Saliendo del trabajo, fui al gimnasio para tratar de calmar mis nervios y deshacerme de la idea naciente de que, finalmente, estos dos meses de correos intercambiados eran pura fantasía y que no, nunca iba a venir. Una buena y merecida estafa, para que aprendas que no puedes tener todo lo que deseas, Sandra.

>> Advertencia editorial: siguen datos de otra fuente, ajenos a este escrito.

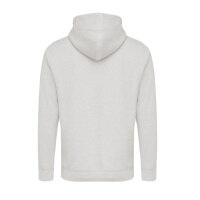 Iqoniq Rila Lightweight Hoodie aus recycelter Baumwolle Farbe: ungefärbte helles Grau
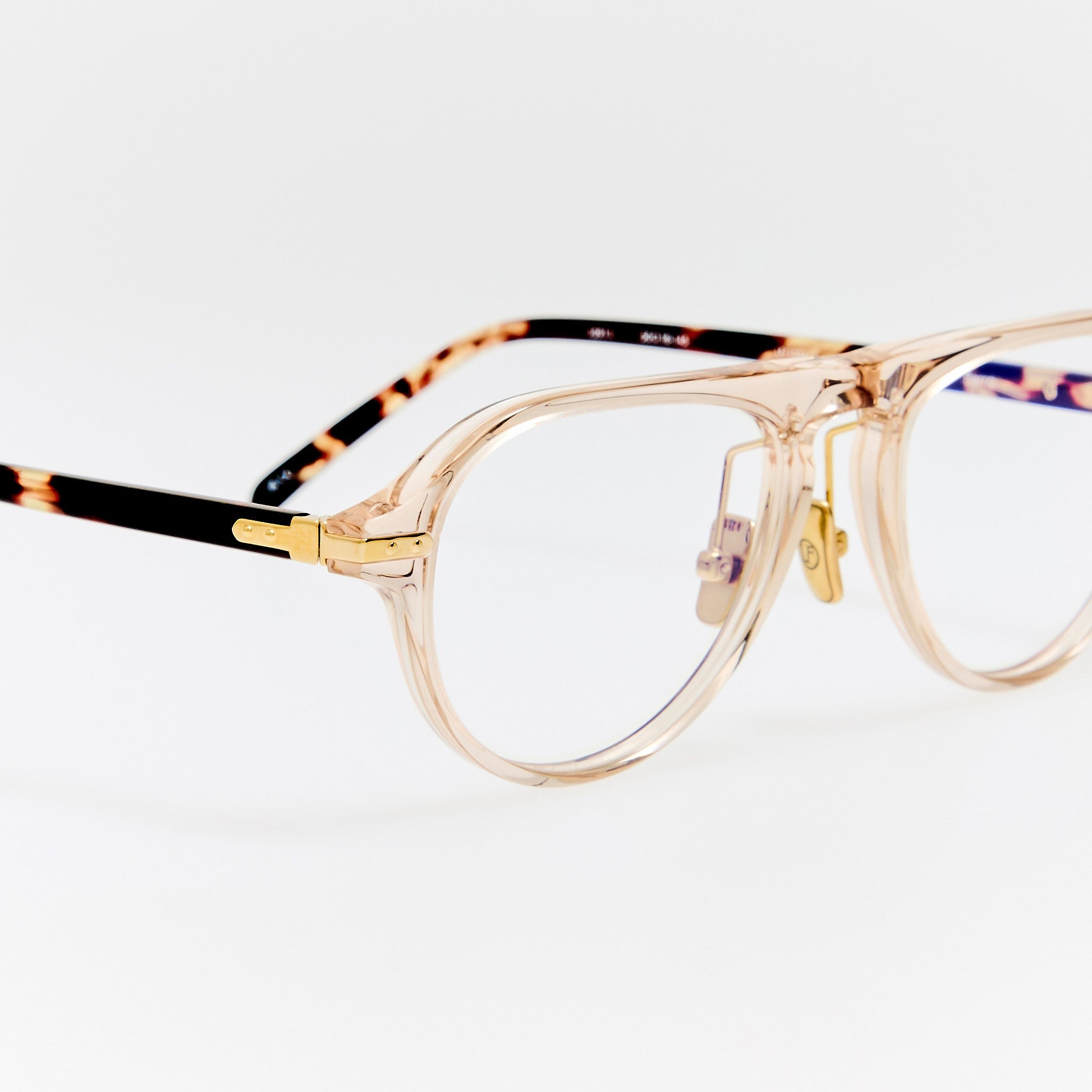 Ferro Optical in Ash - LINDA FARROW - Optical Frame -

Alejandro leía mis relatos desde hacía tiempo. Me había mandado un breve correo hacía un par de meses para comentarme que algunas escenas le habían puesto bien cachondo. Lo había agradecido, como lo suelo hacer con los lectores que se dan la pena de escribirme para regalarme este tipo de halagos. Unas horas después, leía su respuesta, provocadora. Me decía que era “una buena zorra”. Sentada en el sofá del salón de mis suegros, me molesté, lo recibí como un insulto. Mis cuentos contaban hazañas sexuales, reales o fantaseadas y a menudo épicas, y claro, yo era una mujer que disfrutaba del sexo, pero no le daba permiso para tratarme así. Mi irritación dejó sin embargo un espacio para la curiosidad. Le pregunté cuántos años tenía y donde vivía. Cuarentón, con vida de familia en provincia, un trabajo con responsabilidades, deportista. La clásica. Un correo más y estaba enganchada.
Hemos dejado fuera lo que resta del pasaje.